年下オトコたちの誘惑【完】

「婚約者…いたんだ」
「あー、うん…。まぁ、わたしも若くないしね…」

もう31だし。そういう人がいたって、おかしくない年齢だよ、ね?

「まだ、忘れられねぇの。ソイツのこと」
「……きれいさっぱり忘れた、って言ったらウソになる、かな」

次の恋でも始めてたら、きれいさっぱり忘れてるんだろうけど…。

それに多分わたしは、真哉のことを一生忘れないと思う。

彼氏ができても、他の誰かと結婚したとしても…。

「あー、だからか」
「…なに、が?」
「いや。だから、俺の告白受け取らなかったんだって思って。要は、まだ好きなんだろ?ソイツがさ」
「違う、好きじゃない」

それとはまた違うの…。そうじゃなくて…。

「元カレには、俺だって勝てねぇわな」
「ねぇ、あお、」
「頑張ってオンナから、奪い返せば?」

碧都は、笑った。笑顔じゃなくて、クスッと諦めたような、そんな感じの笑い方。

「それは…できないよ」
「やる前から、諦めんなよ。
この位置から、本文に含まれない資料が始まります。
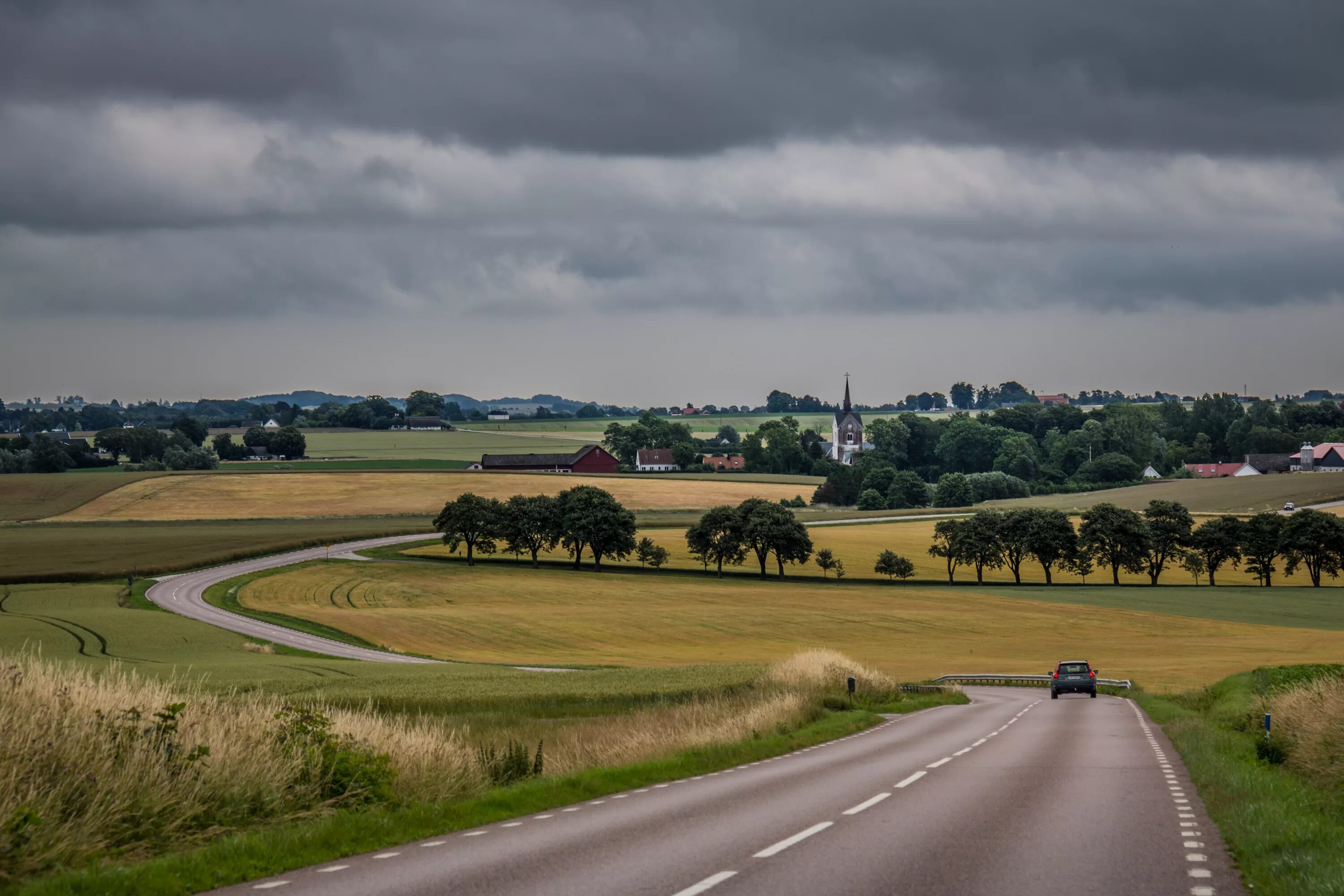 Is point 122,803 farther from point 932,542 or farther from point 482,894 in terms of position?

わかんねぇだろ?」
「分かる、分からないじゃないの‼︎イヤなの‼︎」

あ…。ちょっと、大声出しすぎたかな…。そんなつもりなかったんだけど…。

「なに、ムキになってんの。ま、せいぜいそうやってずっとソイツのこと、思い続けてれば?」

ギシッと音がなった。碧都が立ち上がったから。

また大股で、スタスタ歩いて行く。ねぇ、このままでいいの?

碧都いっちゃうよ?とめなくて、いいの?

「あお、と…‼︎」

ドアを開けようとした碧都に、必死でしがみついた。

「なに」

でも碧都の声は冷たくて…。あぁ、もうダメかなって感じた。

「…ううん、なんでもない」

わたしたちの会話は、終わった。